Not through an obvious interface either, it is controlled by encoding hexadecimal RGB colors into an IPv6 address.
I have a server listening for HTTP requests to port 80 on the IPv6 subnet
2602:fd50:f30:bbbb::/80, where the last 3 hextets encode the RGB color.
For instance a HTTP request to
2602:fd50:f30:bbbb::ff:0:0 would make the background of this page full red.
The page is updated every second to match the new background color.
hammy /data : curl http://\[2602:fd50:f30:bbbb::ca:ca:ca\]:80 Setting to color #cacaca
If the current background is a horrible color, do us all a favour and run
curl http://\[2602:fd50:f30:bbbb::cc:fb:fb\]:80 changing the last 3 hex numbers to be something else good-looking.
Alternatively just go to the following link, http://[2602:fd50:f30:bbbb:0:cc:fb:fb]/.
If it says you can not connect it is because you likely do not have IPv6 support, check that at https://ipv6-test.com/.

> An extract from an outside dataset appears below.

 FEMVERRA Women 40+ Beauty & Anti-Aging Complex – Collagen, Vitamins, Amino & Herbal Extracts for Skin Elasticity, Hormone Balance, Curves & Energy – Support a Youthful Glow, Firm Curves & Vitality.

This was actually pretty simple to pull off. I setup an ip6tables rule to route everything to the
2602:fd50:f30:bbbb::/80 subnet to a local port, because listening on the entire /80 would be insane.
ip6tables -t nat -A PREROUTING -d 2602:fd50:f30:bbbb::/80 -i eth0 -p tcp --dport 80 -j REDIRECT --to-ports 6969
Then on that port I have an express app running, this app recieves the request, checks
/proc/net/nf_conntrack to get the IP that this request was originally for and parses out the color from the IP.
The conntrack searching is done by matching the source IP and the source port, I wanted to use the socket’s
SO_ORIGINAL_DST option, but could not figure out a way to access it from NodeJS.
That new color is then written to disk, with this page making a HTTP request for that file every second and updating the background color accordingly.